Hammerstein’s adaptation strips the opera down to its core narrative and redresses it as a modern love story, setting it in the American deep South during WWII and transforming José into Joe, an African-American serviceman in love with Carmen Jones, who, ironically, manufactures parachutes for the War. Joe’s blind love for Carmen turns to jealousy when her affections are instead given to another man, setting in motion a chain of events from which there is no turning back.
Carmen Jones was Saul Bass’ first title sequence, and he landed the gig quite by accident. Having just moved from New York to Los Angeles to establish his practice, he was contacted by director Otto Preminger to brand the film. Preminger was so impressed with his work that he suggested that he also direct the sequence, thus beginning Bass’ forty-plus year career as a title designer.
The sequence is a combination of two simple, symbolic elements: an illustration of a rose and a perpetual fire, superimposed over one another for the duration of the sequence. For Bass, these elements summarized the emotional core of the film, in which love, lust, greed, betrayal, and rage are not only key motivators but are often ambiguous and indistinguishable from one another. Similarly, Bass echoes this confusion of intent by presenting the rose as a timid line drawing against the red-tinted live-action fire, assigning neither a clear symbolic value. And while a first read of Bass’ symbols would indicate that love is inevitably consumed by the flames of lust, it is noteworthy that neither the fire or the rose decay over the course of the sequence, indicating that the two are perhaps imperishable and distinct by their own merit, forced into an uncommon union by external factors.

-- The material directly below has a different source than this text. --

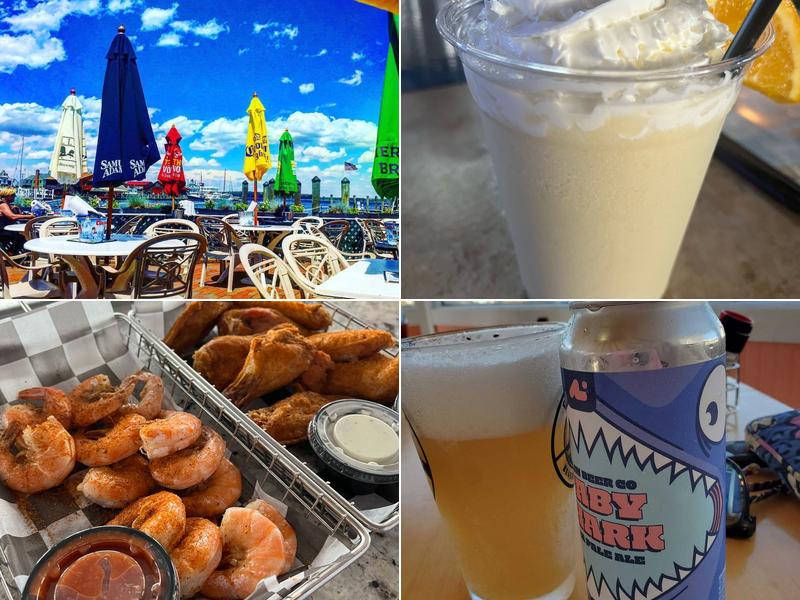 Foxy's Harbor Grille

It could also easily be assumed that the rose is symbolic of Joe’s love for Carmen, and the fire is representative of Carmen’s wild (and occasionally dangerous) nature. But both Carmen and Joe are complex characters, waning through the emotional spectrum over the course of the film. As such, neither symbol is an accurate summary of their individual motives; instead, Bass’ juxtaposition of the two speaks more to the eventual polarization of their dynamic relationship.
The sequence is scored with an adaptation of Georges Biset’s “Carmen Overture” – a nod to the original 1845 opera. The typeface and the title cards themselves were designed and set by Harold Adler – a lettering artist who would continue to collaborate with Bass for another twenty years on many of his title and film branding projects, including Psycho and The Seven Year Itch.